◆ EXERCISE PROMPT
Reproduce the full listing as it stands. Images do not belong in the copy.

:: LISTED RECORDS ::

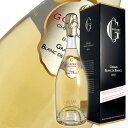 Information 品名 ゴッセ グラン ブラン ド ブラン ブリュット ブリュット ワイン名（原語） GOSSET Grand Blanc de Blancs タイプ スパークリングワイン・辛口 内容量 750ml 産地 フランス・シャンパーニュ 品種 シャルドネ 商品説明 Ay, Couilly, Cramant, Louvois(G Cru), Avernay, Mareuil-sur-Ay, Villier-Marmery(1er Cru)　クラマンの硬質感とモンターニュ・ド・ランスのシャルドネの骨格をアッサンブラージュしている。18℃で約15日間のアルコール発酵。マロラクティック発酵は行わない。12月にアッサンブラージュ。瓶詰めは翌年の3月〜6月。最低36カ月の瓶内熟成。ドザージュ8g/L。 備考 気温の高い時期はクール便での配送をお勧めいたします。　ゴッセ　Gosset ノン・マロラクティック＋長期熟成、不変のスタイル マロラクティック発酵はしない 「ゴッセ」はマロラクティック発酵を行わない。 『リンゴ酸は葡萄本来が持つ自然な酸。この酸は熟成させることで長い余韻と深みを与えてくれる』 通常葡萄に含まれるリンゴ酸は3〜5g/l。 マロラクティック発酵を行う事でリンゴ酸は1g/l以下にまで減少してしまう。 『マロラクティック発酵はワインを温め、培養乳酸菌を加える必要がある。更に発酵後にはスーティラージュも必要。これによって葡萄本来のピュアな味わいは失われる』 「ゴッセ」では1次発酵後、ワインを10度以下に冷却する事でマロラクティック発酵を抑えている。 デゴルジュマン時の総酸量は6g/l（通常のシャンパーニュは3〜4g/l）。 70村200栽培家の葡萄を厳選 モンターニュ・ド・ランスとコート・デ・ブランが中心。 70の村、200軒以上の栽培家から購入しており、若手注目株の造り手「クレモン・ペルスヴァル」も「ゴッセ」の仕事を認めていて葡萄を売っている。 本拠地アイ村から30km圏内のグラン・クリュやプルミエ・クリュが主体だが「コート・デ・セザンヌ」や「ヴィトリィ・ル・フランソワ」のシャルドネも注目している。 『コート・デ・ブランをベースに2つの他地域のシャルドネを加える。コート・デ・セザンヌのシャルドネは骨格と厚みを、ヴィトリィ・ル・フランソワのシャルドネはしなやかさを与えてくれる』 ピノ・ムニエはエペルネに近いオーヴィレ村などマルヌ河右岸の村を選んでいる。 『チョーク質のムニエは粘土質のムニエと比べて骨格がある。モンターニュ・ド・ランス北部のシャムリィ村などの砂地で育つ軽やかなムニエと合わせて使用することでバランスする』 マルヌ川に沿って西へ行くほど葡萄の価格は下がるが、葡萄の酸が減り凝縮度に欠けたものになる。 その為「ゴッセ」ではシャティヨン・レ・バスティーユより東側の葡萄のみ使用する。 平均60ヶ月長期瓶内熟成 2016年より醸造責任者を務めるのは「オディロン・ド・ヴァリーヌ」。 前醸造責任者「ジャン・ピエール・マレネ」と10年以上共にワインを造り、彼の理念をそのまま引き継いでいる。 『我々のシャンパーニュは長期瓶内熟成が必要。シャープで質の高いリンゴ酸は若い内はやや攻撃的だが、瓶内熟成させると次第に旨みに変化する』 長期間の瓶内熟成が、彼等のシャンパーニュに独自の旨みをもたらす。 一般的なシャンパーニュは15ヶ月の瓶内熟成後直ぐにリリースされるが、「ゴッセ」ではベーシックな「グラン・ド・レゼルヴ」でも最低48ヶ月。 平均60ヶ月以上の長期瓶内熟成を行っている。2016年には180ヶ月以上瓶内熟成させたノン・ヴィンテージシャンパーニュをリリースした。 『NVシャンパーニュが熟成しないと考えるのは間違いだ。良質の酸を残した原酒を使えば、NVでも熟成により偉大なシャンパーニュになる』 「ノン・マロラクティック発酵」というスタイルは決して変えない。 しかし常に新しい事へも挑戦していく。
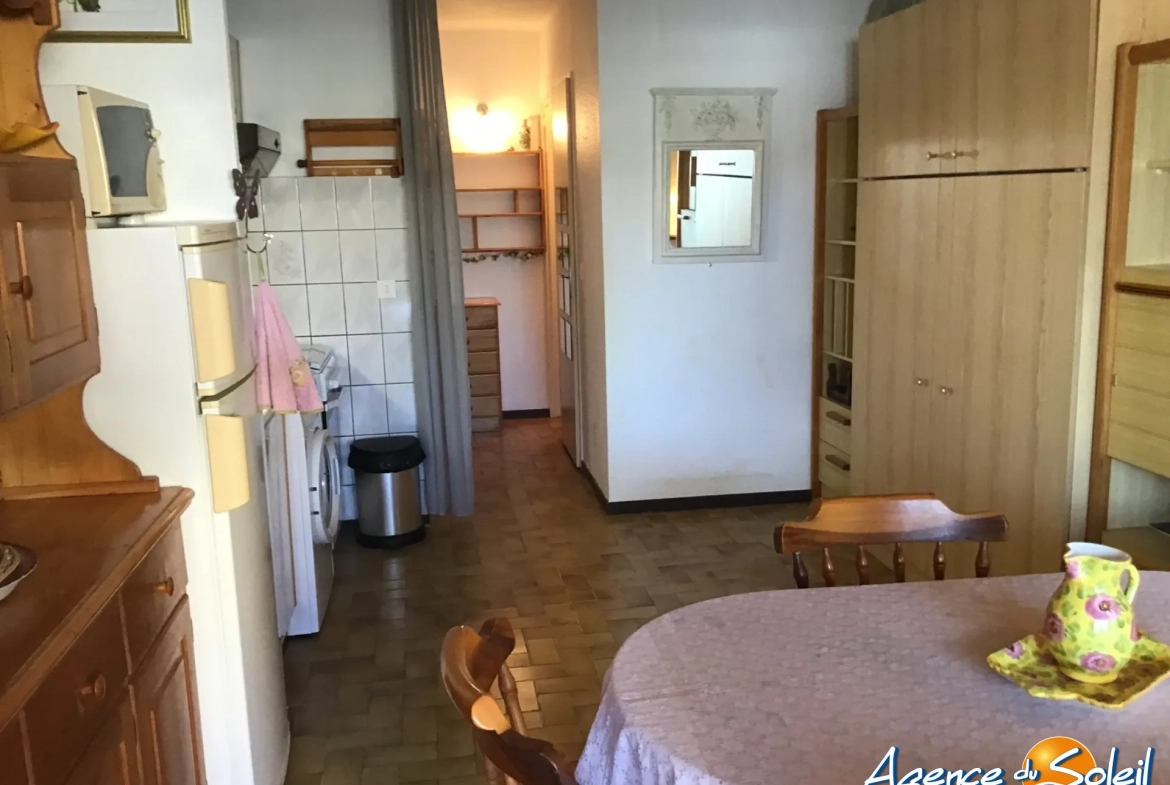 Studio spacieux avec loggia et équipements sportifs à Le Barcarès 
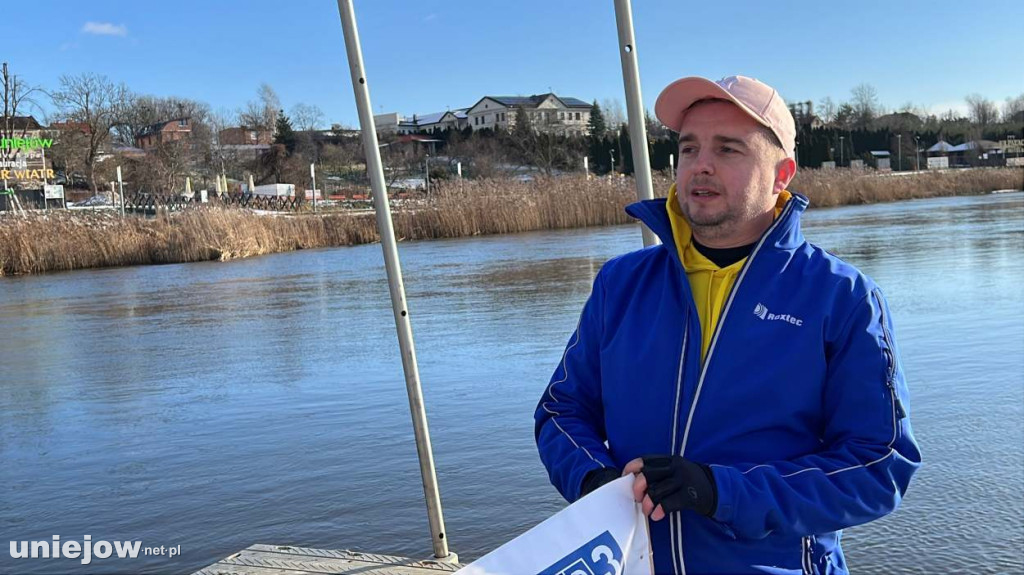 Płynie zimą kajakiem, by zebrać pieniądze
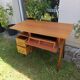 Bureau vintage années 50 pieds compas – bois clair – 100 x 50 cm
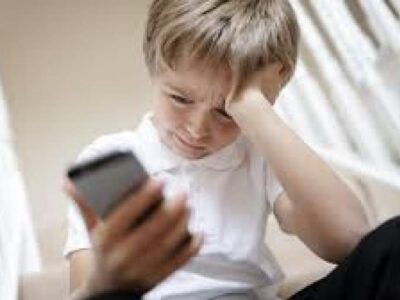 از هر ۶ نوجوان، یک نفر قربانی آزارهای جنسی آنلاین است!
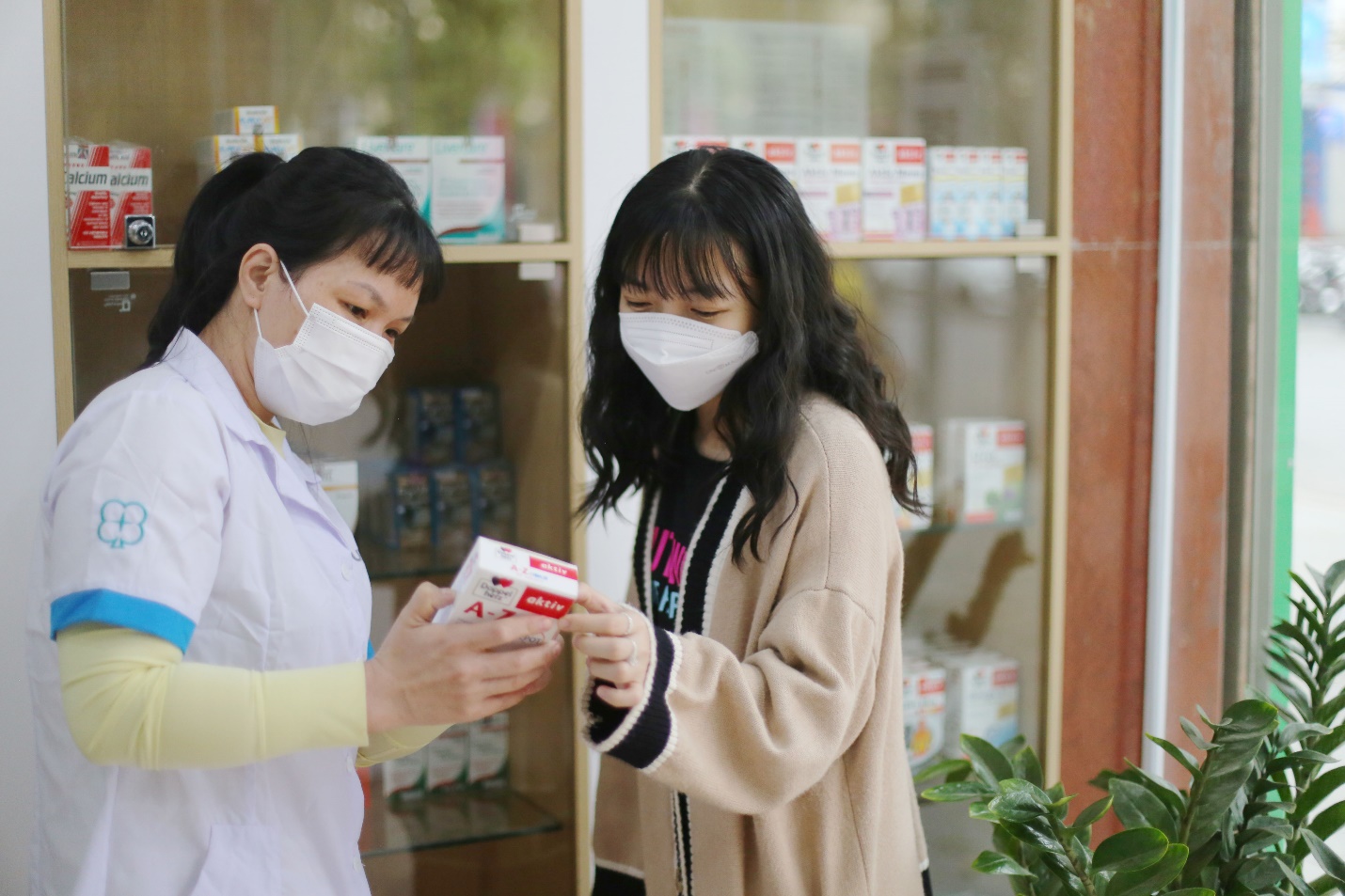 Ph&ograve;ng tr&aacute;nh &ldquo;dịch chồng dịch&rdquo;: Người Việt ứng ph&oacute; ra sao? - Ảnh 2.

:::

◆ WRITTEN SOLUTION
 Information 品名 ゴッセ グラン ブラン ド ブラン ブリュット ブリュット ワイン名（原語） GOSSET Grand Blanc de Blancs タイプ スパークリングワイン・辛口 内容量 750ml 産地 フランス・シャンパーニュ 品種 シャルドネ 商品説明 Ay, Couilly, Cramant, Louvois(G Cru), Avernay, Mareuil-sur-Ay, Villier-Marmery(1er Cru)　クラマンの硬質感とモンターニュ・ド・ランスのシャルドネの骨格をアッサンブラージュしている。18℃で約15日間のアルコール発酵。マロラクティック発酵は行わない。12月にアッサンブラージュ。瓶詰めは翌年の3月〜6月。最低36カ月の瓶内熟成。ドザージュ8g/L。 備考 気温の高い時期はクール便での配送をお勧めいたします。　ゴッセ　Gosset ノン・マロラクティック＋長期熟成、不変のスタイル マロラクティック発酵はしない 「ゴッセ」はマロラクティック発酵を行わない。 『リンゴ酸は葡萄本来が持つ自然な酸。この酸は熟成させることで長い余韻と深みを与えてくれる』 通常葡萄に含まれるリンゴ酸は3〜5g/l。 マロラクティック発酵を行う事でリンゴ酸は1g/l以下にまで減少してしまう。 『マロラクティック発酵はワインを温め、培養乳酸菌を加える必要がある。更に発酵後にはスーティラージュも必要。これによって葡萄本来のピュアな味わいは失われる』 「ゴッセ」では1次発酵後、ワインを10度以下に冷却する事でマロラクティック発酵を抑えている。 デゴルジュマン時の総酸量は6g/l（通常のシャンパーニュは3〜4g/l）。 70村200栽培家の葡萄を厳選 モンターニュ・ド・ランスとコート・デ・ブランが中心。 70の村、200軒以上の栽培家から購入しており、若手注目株の造り手「クレモン・ペルスヴァル」も「ゴッセ」の仕事を認めていて葡萄を売っている。 本拠地アイ村から30km圏内のグラン・クリュやプルミエ・クリュが主体だが「コート・デ・セザンヌ」や「ヴィトリィ・ル・フランソワ」のシャルドネも注目している。 『コート・デ・ブランをベースに2つの他地域のシャルドネを加える。コート・デ・セザンヌのシャルドネは骨格と厚みを、ヴィトリィ・ル・フランソワのシャルドネはしなやかさを与えてくれる』 ピノ・ムニエはエペルネに近いオーヴィレ村などマルヌ河右岸の村を選んでいる。 『チョーク質のムニエは粘土質のムニエと比べて骨格がある。モンターニュ・ド・ランス北部のシャムリィ村などの砂地で育つ軽やかなムニエと合わせて使用することでバランスする』 マルヌ川に沿って西へ行くほど葡萄の価格は下がるが、葡萄の酸が減り凝縮度に欠けたものになる。 その為「ゴッセ」ではシャティヨン・レ・バスティーユより東側の葡萄のみ使用する。 平均60ヶ月長期瓶内熟成 2016年より醸造責任者を務めるのは「オディロン・ド・ヴァリーヌ」。 前醸造責任者「ジャン・ピエール・マレネ」と10年以上共にワインを造り、彼の理念をそのまま引き継いでいる。 『我々のシャンパーニュは長期瓶内熟成が必要。シャープで質の高いリンゴ酸は若い内はやや攻撃的だが、瓶内熟成させると次第に旨みに変化する』 長期間の瓶内熟成が、彼等のシャンパーニュに独自の旨みをもたらす。 一般的なシャンパーニュは15ヶ月の瓶内熟成後直ぐにリリースされるが、「ゴッセ」ではベーシックな「グラン・ド・レゼルヴ」でも最低48ヶ月。 平均60ヶ月以上の長期瓶内熟成を行っている。2016年には180ヶ月以上瓶内熟成させたノン・ヴィンテージシャンパーニュをリリースした。 『NVシャンパーニュが熟成しないと考えるのは間違いだ。良質の酸を残した原酒を使えば、NVでも熟成により偉大なシャンパーニュになる』 「ノン・マロラクティック発酵」というスタイルは決して変えない。 しかし常に新しい事へも挑戦していく。
 Studio spacieux avec loggia et équipements sportifs à Le Barcarès 
 Płynie zimą kajakiem, by zebrać pieniądze
 Bureau vintage années 50 pieds compas – bois clair – 100 x 50 cm
 از هر ۶ نوجوان، یک نفر قربانی آزارهای جنسی آنلاین است!
 Ph&ograve;ng tr&aacute;nh &ldquo;dịch chồng dịch&rdquo;: Người Việt ứng ph&oacute; ra sao? - Ảnh 2.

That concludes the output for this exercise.